Research:Reducing Zero Result Searches Through Elasticsearch Slop Parameter Changes

Contact

Mikhail Popov

Wikimedia Foundation

Duration: 2015-08 – 2015-09

Wikimedia hosted

mw:Wikimedia Discovery

Open access
via github.com

Open source
via github.com

Research:Projects

This page documents a completed research project.

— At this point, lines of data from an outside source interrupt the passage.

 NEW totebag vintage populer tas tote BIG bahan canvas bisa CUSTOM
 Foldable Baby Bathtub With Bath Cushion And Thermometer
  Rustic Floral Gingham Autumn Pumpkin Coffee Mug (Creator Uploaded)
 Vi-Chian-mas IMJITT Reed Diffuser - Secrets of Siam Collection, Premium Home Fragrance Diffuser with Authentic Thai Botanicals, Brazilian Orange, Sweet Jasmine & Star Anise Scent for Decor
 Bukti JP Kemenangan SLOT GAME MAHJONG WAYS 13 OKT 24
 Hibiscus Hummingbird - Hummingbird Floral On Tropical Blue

This report covers the second experiment run by the Discovery team. The slop parameter indicates how far apart terms are allowed to be while still considering the document a match. Far apart means: how many times do you need to move a term in order to make the query and document match? ^[1] We hypothesized that increasing the slop parameter would yield less zero results. This was based on our intuition that less restrictive (more flexible) phrase matching should find more documents that match the terms. In summary, we did not find a consistent improvement in outcome for users subject to the experimental conditions, and recommend disabling the experiment and returning users to the default search experience - coupled with some investigation suggestions.

Methods

We sampled 3% of the total queries over the course of 12 days.

1% of the total queries did not receive a change; they were the control group "A".
1% of the total queries were assigned a slop parameter of 1 to their queries; they were the experimental group "B".
1% of the total queries were assigned a slop parameter of 2 to their queries; they were the experimental group "C".

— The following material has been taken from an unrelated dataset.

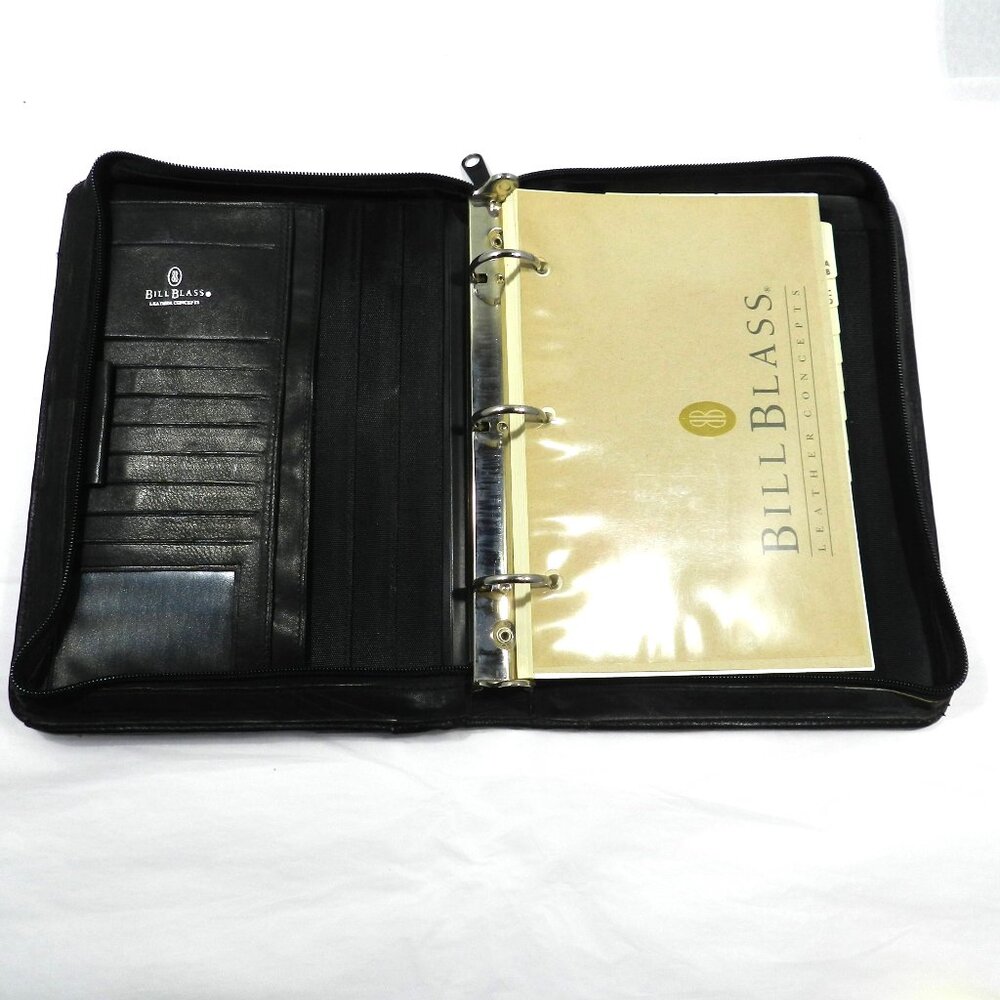 Vintage Bill Blass Leather Zip Portfolio Organizer Planner
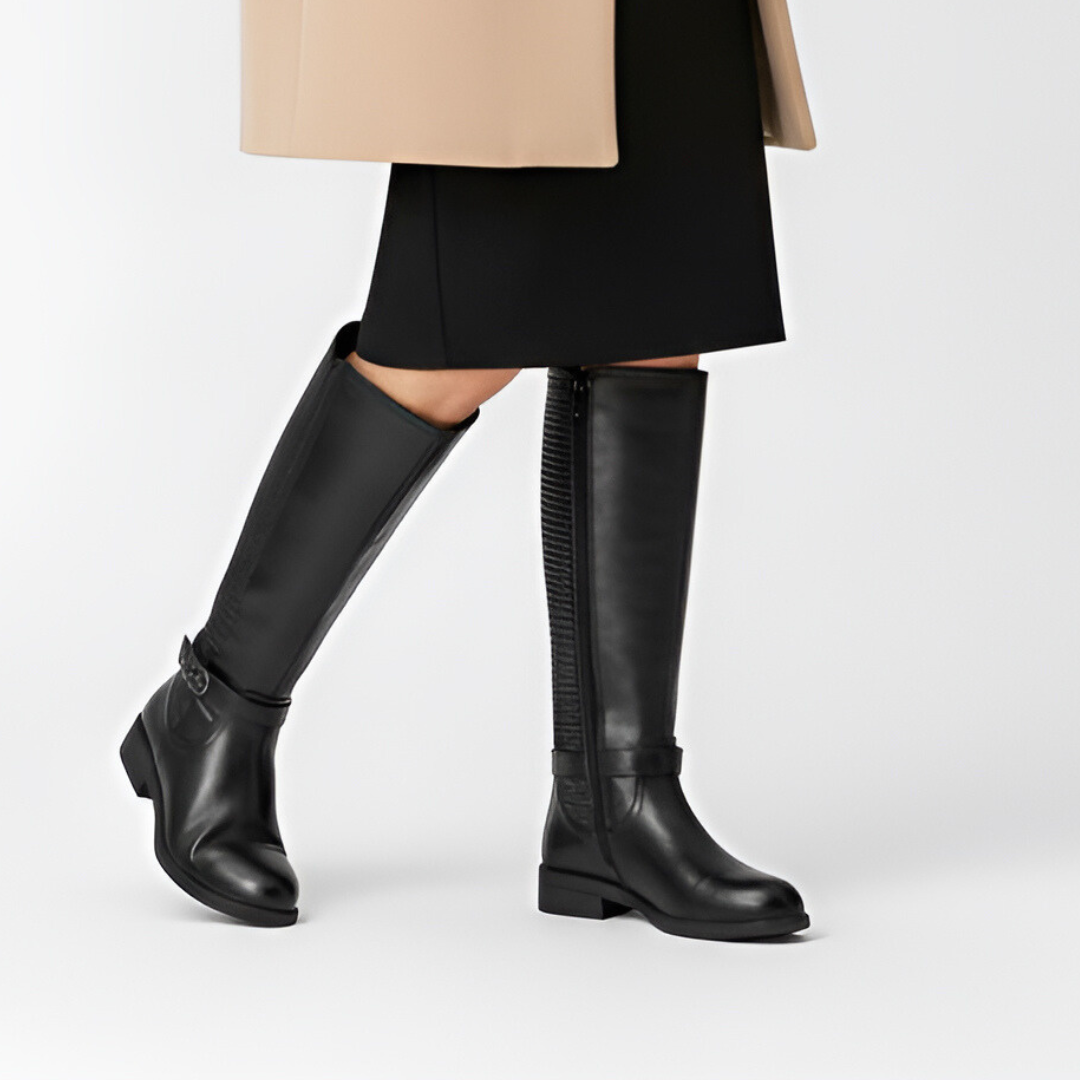 Kozaki damskie Filippo, wysoka cholewka i płaski obcas bez ocieplenia, czarne, DKZ7331-25-BK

Even with 1% sampling rate, the final sample sizes were huge. Were we to perform our analyses on the full collected dataset, we would have seen significance for the tiniest effects. Instead, we chose to perform an a priori-style power analysis post-hoc. Which is to say, we calculated our sample sizes as one would before beginning the experiment, and then sampled down (using random sampling stratified on group to obtain equally-sized groups) to obtain a smaller dataset. A more detailed description of the power analysis follows.

Power Analysis

From the preliminary analysis of the data from the morning of the test's launch, 84.2% of the control group were getting some results. This is the "prevalence within control group" that we used for this power analysis.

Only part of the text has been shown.